[Saved entries]
********************
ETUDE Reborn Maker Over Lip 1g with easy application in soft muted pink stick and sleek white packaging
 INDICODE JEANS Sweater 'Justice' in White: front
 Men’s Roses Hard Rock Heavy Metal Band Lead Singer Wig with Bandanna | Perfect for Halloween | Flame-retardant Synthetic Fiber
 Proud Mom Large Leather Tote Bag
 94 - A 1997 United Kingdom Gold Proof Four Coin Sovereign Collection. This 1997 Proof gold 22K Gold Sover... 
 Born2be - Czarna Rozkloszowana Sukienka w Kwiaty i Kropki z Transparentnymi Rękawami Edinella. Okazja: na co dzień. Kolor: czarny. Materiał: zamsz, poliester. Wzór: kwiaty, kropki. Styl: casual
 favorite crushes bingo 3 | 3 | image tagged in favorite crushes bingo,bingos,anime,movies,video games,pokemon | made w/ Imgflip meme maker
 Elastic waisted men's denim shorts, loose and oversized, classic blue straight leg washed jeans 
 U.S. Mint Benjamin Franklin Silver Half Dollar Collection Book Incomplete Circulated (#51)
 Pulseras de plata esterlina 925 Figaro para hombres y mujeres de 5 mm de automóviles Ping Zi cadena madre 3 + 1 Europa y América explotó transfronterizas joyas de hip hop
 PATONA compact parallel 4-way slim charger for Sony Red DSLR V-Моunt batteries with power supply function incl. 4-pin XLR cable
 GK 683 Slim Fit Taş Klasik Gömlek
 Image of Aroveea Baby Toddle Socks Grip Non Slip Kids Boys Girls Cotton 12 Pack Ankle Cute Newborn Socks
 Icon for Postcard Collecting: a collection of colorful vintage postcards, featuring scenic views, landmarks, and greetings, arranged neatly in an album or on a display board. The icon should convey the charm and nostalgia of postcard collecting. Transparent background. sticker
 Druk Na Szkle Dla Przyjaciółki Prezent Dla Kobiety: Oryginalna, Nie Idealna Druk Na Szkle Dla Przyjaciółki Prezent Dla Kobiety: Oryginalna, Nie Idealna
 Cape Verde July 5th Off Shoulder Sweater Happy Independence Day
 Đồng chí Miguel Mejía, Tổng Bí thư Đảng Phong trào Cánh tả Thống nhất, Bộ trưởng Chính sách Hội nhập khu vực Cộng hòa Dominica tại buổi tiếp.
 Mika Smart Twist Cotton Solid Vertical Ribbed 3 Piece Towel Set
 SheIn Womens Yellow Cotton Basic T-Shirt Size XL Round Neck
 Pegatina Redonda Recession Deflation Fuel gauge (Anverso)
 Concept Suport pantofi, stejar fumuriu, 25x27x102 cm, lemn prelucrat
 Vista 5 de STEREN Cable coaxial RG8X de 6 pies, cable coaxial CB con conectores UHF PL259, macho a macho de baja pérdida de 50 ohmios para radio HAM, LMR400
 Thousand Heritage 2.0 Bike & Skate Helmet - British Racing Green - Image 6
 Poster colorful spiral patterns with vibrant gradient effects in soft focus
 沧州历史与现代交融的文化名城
********************
> Directions for this task
For the lines above, output exactly those from the line containing "PATONA compact parallel" through the line containing "Image of Aroveea", and skip the others.

> Solution to this problem
 PATONA compact parallel 4-way slim charger for Sony Red DSLR V-Моunt batteries with power supply function incl. 4-pin XLR cable
 GK 683 Slim Fit Taş Klasik Gömlek
 Image of Aroveea Baby Toddle Socks Grip Non Slip Kids Boys Girls Cotton 12 Pack Ankle Cute Newborn Socks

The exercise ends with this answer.